# respray



## warren_b (Oct 21, 2007)

hey people i need a bit of advise i have just had a respray on my honda del sol it is metalic silver and just finnished painting on sat, some people have told me to wait 4month before washing and waxing others 1 yeah but all i want to do is wash and wax it so i get the full effect of the shine.

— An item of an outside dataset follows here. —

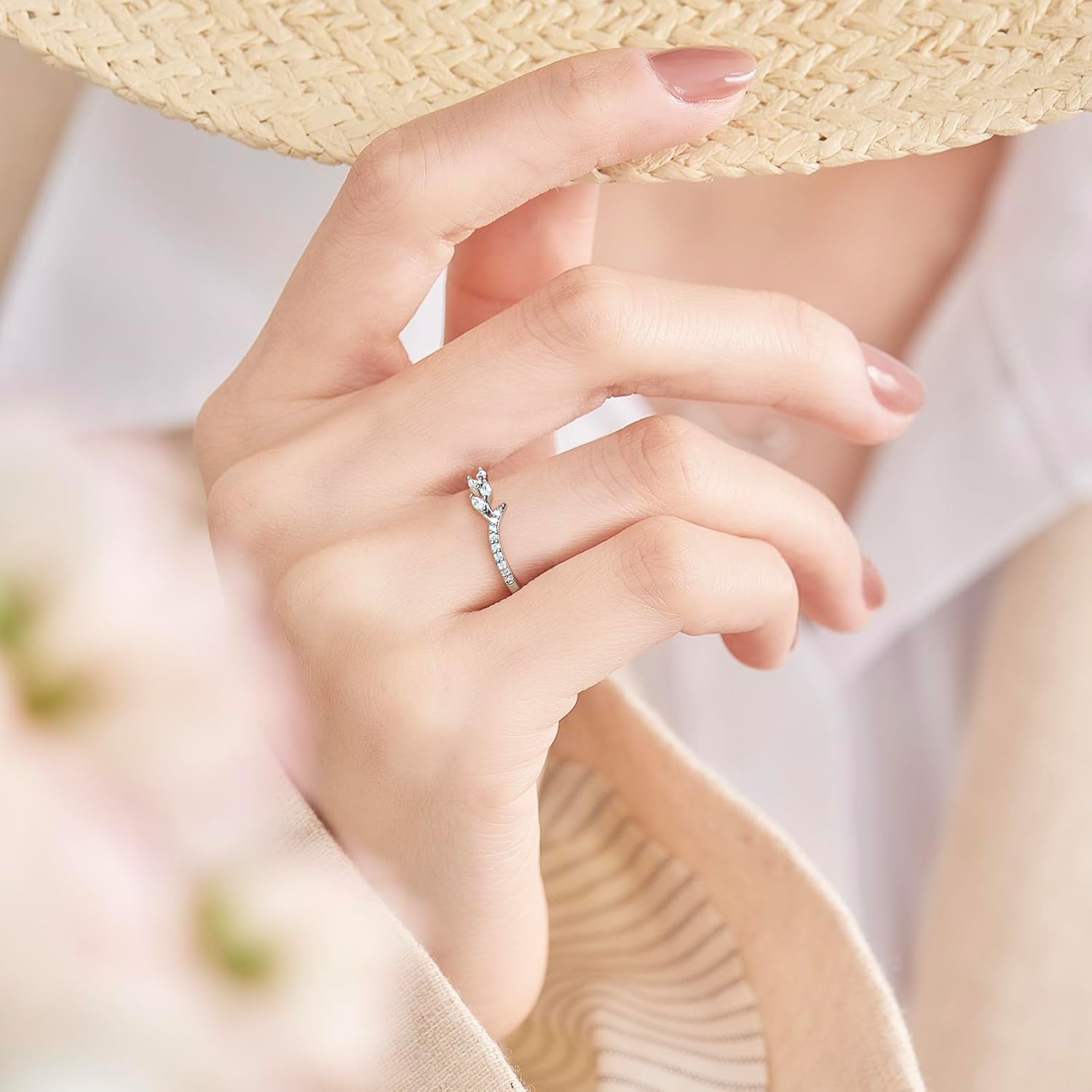 Gold Eternity Band Rings for Women CZ Stones Gold Thin Stackable Rings Cute Diamond Eternity Half Pave Bands Anniversary Rings Dainty Statement Wedding Rings 5/6/7/8/9/10 - Image 2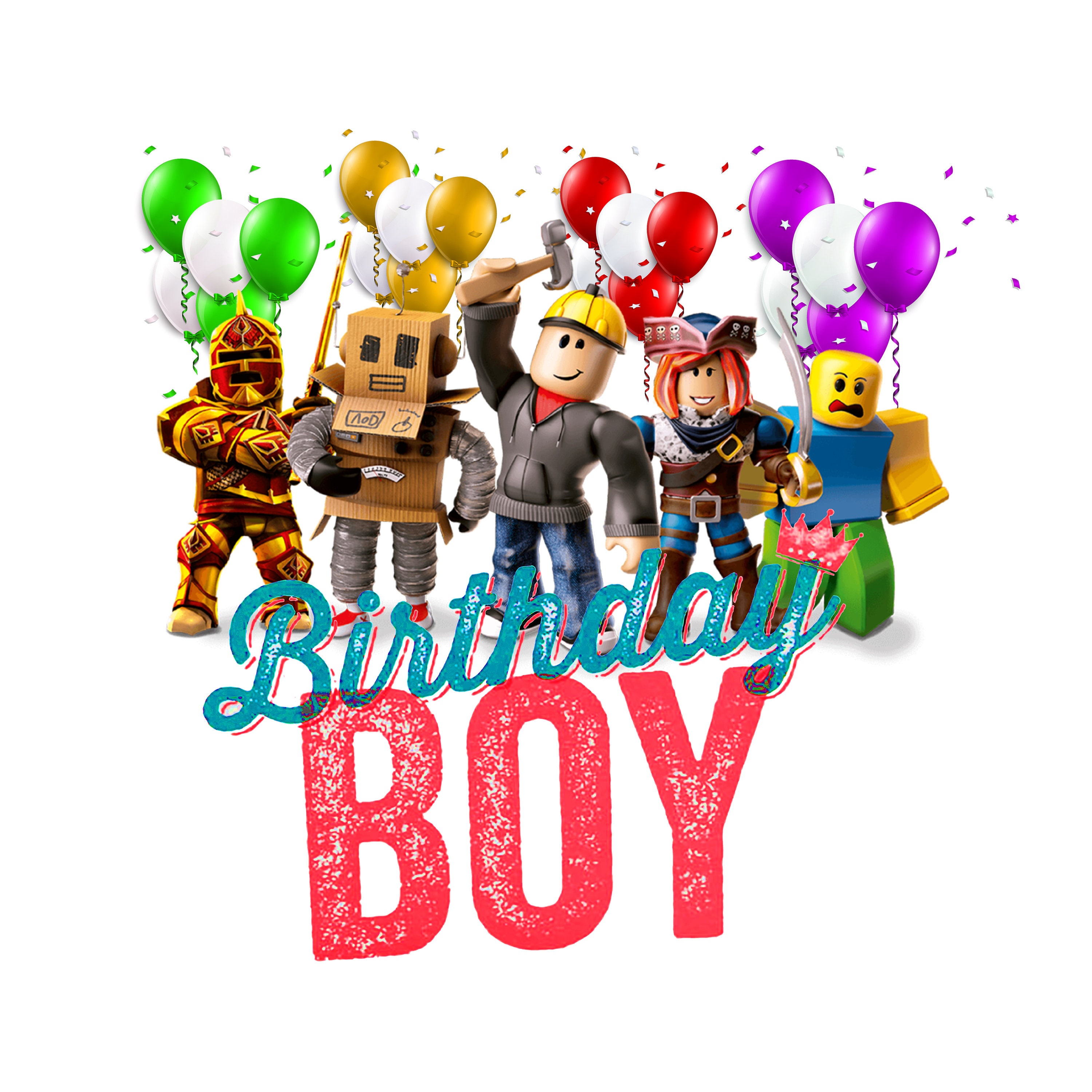 Roblox Birthday Tee PNG file template for Boy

any advise on how long i was going to detail it on wed as i have a half day at uni lol or sat???

cheers


----------



## dinodog (Aug 10, 2007)

warren_b said:


> hey people i need a bit of advise i have just had a respray on my honda del sol it is metalic silver and just finnished painting on sat, some people have told me to wait 4month before washing and waxing others 1 yeah but all i want to do is wash and wax it so i get the full effect of the shine.
> 
> any advise on how long i was going to detail it on wed as i have a half day at uni lol or sat???
> 
> cheers


The paint should be hard if it was baked off in an paint oven, so why not get on with washing and waxing, most bodyshops have the polishers clean up any crap from paint any way with rotory and then use a finishing glaze to finish off.


----------



## steveo3002 (Jan 30, 2006)

chances are theyve waxed it already...we used to at work


----------



## warren_b (Oct 21, 2007)

oh nice one cheers guys im so exited lol ill post some pics when im done


----------